Location
- RR 2 Box 7 Wyalusing, Pennsylvania 18853 United States
- Coordinates: 41°39′32″N 76°15′22″W﻿ / ﻿41.65889°N 76.25611°W

Information
- School type: Public, Junior and Senior high school
- School district: Wyalusing Area School District
- CEEB code: 395395
- Principal: Jackson T. Green
- Teaching staff: 36.30 (FTE) (2018–19)
- Grades: 7–12
- Enrollment: 588 (2018–19)
- Student to teacher ratio: 16.20:1 (2018–19)
- Color: Green Gold
- Mascot: Rams
- Yearbook: Vallian
- Website: www.wyalusingrams.com

= Wyalusing Valley Junior-Senior High School =

The Wyalusing Valley Junior-Senior High School, commonly referred to as WVHS, is a Northeastern Pennsylvania public high school. The school is operated by the Wyalusing Area School District.

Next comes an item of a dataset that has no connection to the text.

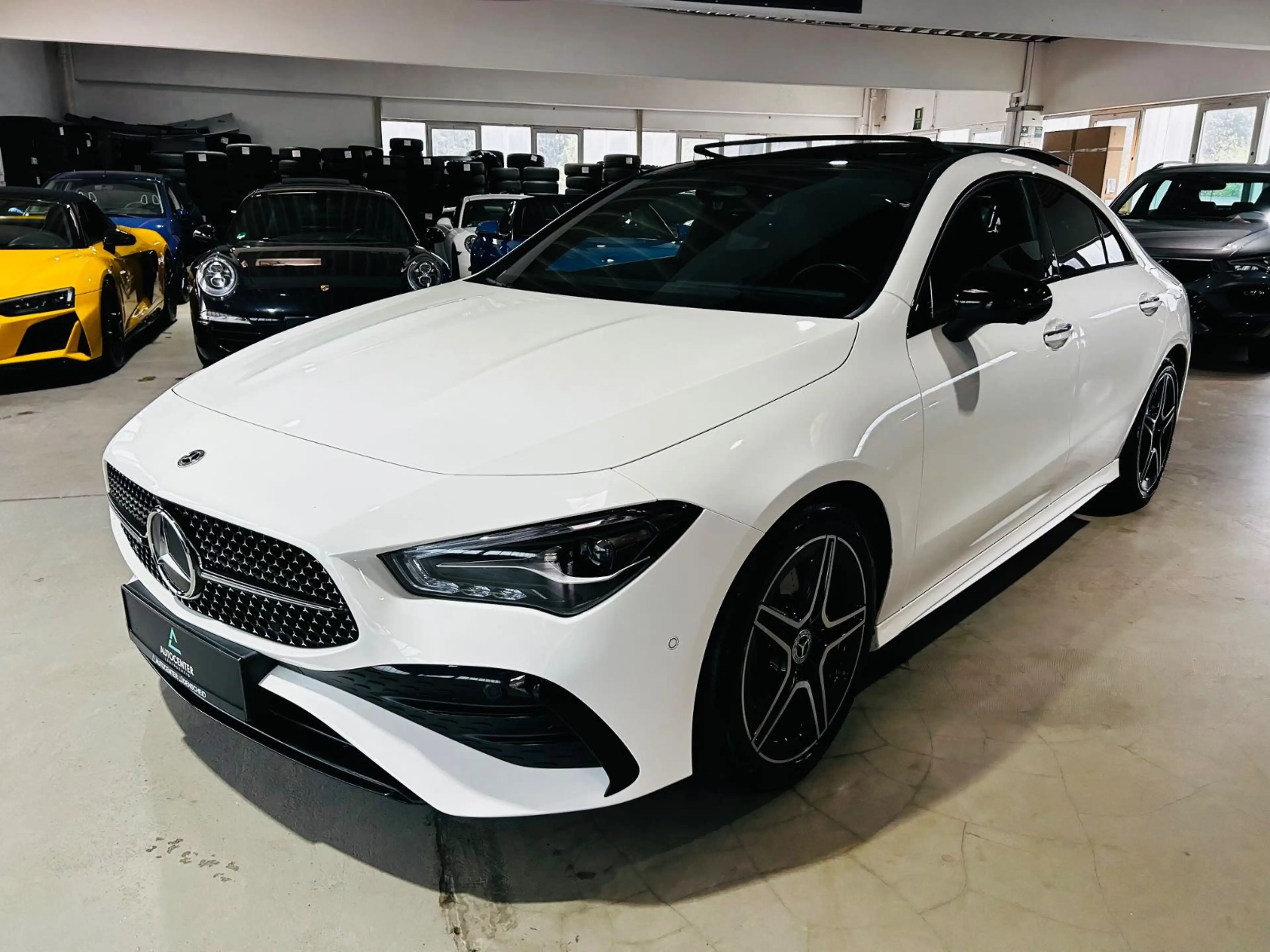 Mercedes-Benz CLA 220 d AMG Paket *Led*Pano*Alcantara*360° — photo 2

== Vocational opportunities ==
WVHS has access to a vocational school called Northern Tier Career Center (NTCC) in Towanda for students that wish to advance in a hands-on or technical career. This vocational education is available to students who are in 11th and 12th grades.

== Athletics ==
WVHS has many school-sponsored athletic activities, including football, wrestling, basketball, (girls only) soccer, baseball, softball, track and field, volleyball, golf and cross country. In addition, there are cheerleading squads for the football and basketball teams.

== Clubs ==
WVHS has many clubs meant to help the community or further learning outside of the classroom in a certain subject including: Yearbook, a computer club, FBLA, FHA, chorus, band, library club, orchestra, SADD, marching band, student council, ski club, Spanish club, Envirothon, Leo Club, Science Olympiad, and Youth and Government.